= TASK TO CARRY OUT =
The required output is the line containing "Natuurhuisje in Horna Lehota" followed by every line after it to the end of the listing, each written out exactly.

= DATASET =
========================================================================
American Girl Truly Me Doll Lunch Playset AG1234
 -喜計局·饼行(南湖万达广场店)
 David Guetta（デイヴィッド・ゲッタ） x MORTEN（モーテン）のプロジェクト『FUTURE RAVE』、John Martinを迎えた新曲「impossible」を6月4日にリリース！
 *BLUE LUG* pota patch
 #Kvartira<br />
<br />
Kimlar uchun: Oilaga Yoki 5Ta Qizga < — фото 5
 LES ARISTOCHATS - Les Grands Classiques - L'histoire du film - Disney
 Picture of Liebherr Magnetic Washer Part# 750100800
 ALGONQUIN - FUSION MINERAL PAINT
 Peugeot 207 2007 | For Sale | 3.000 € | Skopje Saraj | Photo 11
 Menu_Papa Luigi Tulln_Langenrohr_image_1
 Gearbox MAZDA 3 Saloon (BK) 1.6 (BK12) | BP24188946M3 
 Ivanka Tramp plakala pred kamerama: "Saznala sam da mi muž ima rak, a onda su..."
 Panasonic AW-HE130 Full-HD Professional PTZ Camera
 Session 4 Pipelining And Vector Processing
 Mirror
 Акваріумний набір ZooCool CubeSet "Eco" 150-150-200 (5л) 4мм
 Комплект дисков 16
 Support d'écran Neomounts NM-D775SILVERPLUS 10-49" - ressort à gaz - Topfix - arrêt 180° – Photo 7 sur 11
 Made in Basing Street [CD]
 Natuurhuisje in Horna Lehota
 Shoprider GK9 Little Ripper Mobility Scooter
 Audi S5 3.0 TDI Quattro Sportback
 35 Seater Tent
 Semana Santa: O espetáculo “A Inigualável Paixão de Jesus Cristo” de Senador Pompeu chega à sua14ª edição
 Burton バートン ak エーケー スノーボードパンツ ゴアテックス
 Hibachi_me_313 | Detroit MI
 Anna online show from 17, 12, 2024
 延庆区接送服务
========================================================================
= YOUR SOLUTION =
 Natuurhuisje in Horna Lehota
 Shoprider GK9 Little Ripper Mobility Scooter
 Audi S5 3.0 TDI Quattro Sportback
 35 Seater Tent
 Semana Santa: O espetáculo “A Inigualável Paixão de Jesus Cristo” de Senador Pompeu chega à sua14ª edição
 Burton バートン ak エーケー スノーボードパンツ ゴアテックス
 Hibachi_me_313 | Detroit MI
 Anna online show from 17, 12, 2024
 延庆区接送服务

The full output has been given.